One of the more modern signs of Christmas approaching is (ironically) the annual slew of stories about how this year there won't be a Christmas, because some council/school somewhere is "cancelling" or even "banning" it.

As if.

Every single year we're told this. And every time it's rubbish.

I know from previous letters to the Worcester News that some people don't like it very much when people actually respond to anything the Bishop of Worcester writes. But Bishop John Inge is one of the proponents of this year's version of the Christmas-is-banned myth (Bishop's Diary, 3 December) when he repeats the widespread condemnation of Oxford Council for "banning" Christmas.

Actually all that happened is that a charity who are hosting a two month long festival - in a pluralistic city spanning a time of year with numerous religious festivals in it, and in which they hope to involve a lot of lights, in the middle of winter - decided to call the whole shebang the Winter Light Festival. The Oxford Council made it abundantly clear that this was not some kind of institutional attack on Christmas. Nevertheless self-victimising worriers who recycle press releases in their columns up and down the country conspired together to leave out the bit where the deputy leader of the council said that the charity's approach "sends out a problematic message" and furthermore "It is the charity's festival. Among councillors there is certainly no desire to downgrade the importance or the prominence given to Christmas."

See, he even used the supposedly banned C-word himself!

The notion that secularists are somehow instigating a War on Christmas is absurd.

What is clearly the case, however, I'll readily admit, is that some of the overtly Christian stuff is getting forgotten by a good majority of Britons; people who are either non-practicing in their nominal Christianity, or are religious but non-Christian, or who live life entirely religion-free.

But that doesn't mean the Christmassy spririt of human empathy and love has gone anywhere. Children are still told that loving each other and understanding one another are central to the cosy feeling of Christmas (in every Christmas Special on telly it turns out that they can only save Christmas if they work together and love each other rather than loving their presents). And we can spread this message merely on the basis of appealing to our shared humanity. Angels and shepherds are not strictly necessary.

No one is trying to stop Christians from doing Christmas as religiously as they like, though. Personally, I'd rather play in the snow than worship the sky; I'd rather visit my friends than remember old stories; I'd rather read the book I've been given than listen to a sermon. But whatever - do it how you want to do it.

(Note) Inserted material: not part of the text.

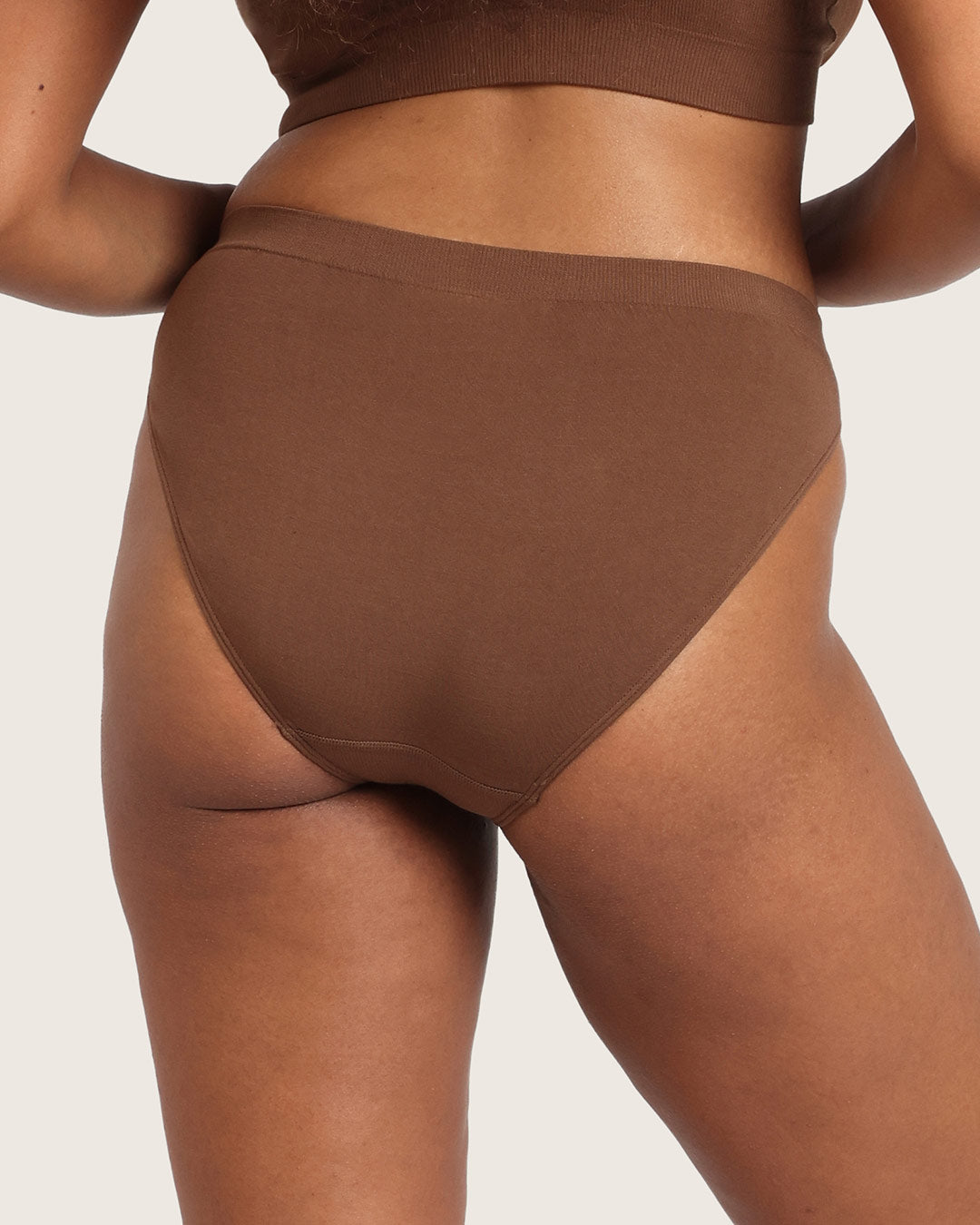 Classic Bikini - Clove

The rest of us, though, don't have to endlessly re-tell the myth that an ancient Nazarene got born in a stable to a virgin. Yes, funnily enough, some of us don't think that that particular story is relevant to us, or to Christmas, and that in fact that story only diverts from the most wonderful of our seasonal feelings. That's what really scares the bishops and the other fretting columnists: There has always been a winter festival, and there always will be, and we can go right on calling it Christmas, because it doesn't actually matter what it's called. The message is deeper and more fundamentally human than any particular mythology of any passing religion can admit.

Bishop Inge says "The fact is that there is not that much to celebrate about winter except dark and cold". Rubbish. Here's a very Christmassy phrase: "love of fellow man". That goes on, there to celebrate throughout the dark and cold, whatever your beliefs.

This Christmas time, let's work out what's actually important. It's not receiving the next great gadget from a rich Aunty, no. And it's not dredging up bits of any particular mythology, either. What's really important - in Christmas at its most Christmassy - is the welling up of empathy and love in the human heart for one and all.

This Christmas, just be good for goodness' sake.